The government pledged to eradicate child labor by 2022. In meetings with Human Rights Watch in late 2016 and 2017, government officials said they had begun activities to raise awareness about the health risks to children of tobacco farming. However, authorities have not changed laws or regulations to protect children from hazardous work on tobacco farms.

Disability Rights

Despite a 1977 government ban on the practice, families and traditional healers continue to shackle people with psychosocial disabilities, sometimes for years at a time. Enforcement of the ban has been long delayed, but in 2017 the government announced steps to improve access to mental health services, a key component of its campaign to eliminate shackling.

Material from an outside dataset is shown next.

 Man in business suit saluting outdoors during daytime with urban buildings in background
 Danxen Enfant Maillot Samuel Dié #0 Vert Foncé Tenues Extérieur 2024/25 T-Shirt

Health ministry officials claim that in 2017 the government accredited about 2,000 community health centers, certifying their capacity to respond to 155 conditions including psychosocial disabilities, and oversaw the training of some 25,000 trainers, people who are to in turn train primary health staff on improved responses to and community outreach around a range of health issues, including mental health.

In April, UN Special Rapporteur on Health Dainius Pūras urged the government to scale-up its campaign against shackling and ensure it is not replaced by other forms of restraint that violate human rights.

Extrajudicial Killings

On July 20, National Police Chief Gen. Tito Karnavian called for combating drugs in Indonesia by shooting drug dealers. The next day, President Jokowi issued an order instructing police who encounter foreign drug dealers who resist arrest to “Gun them down. Give no mercy.”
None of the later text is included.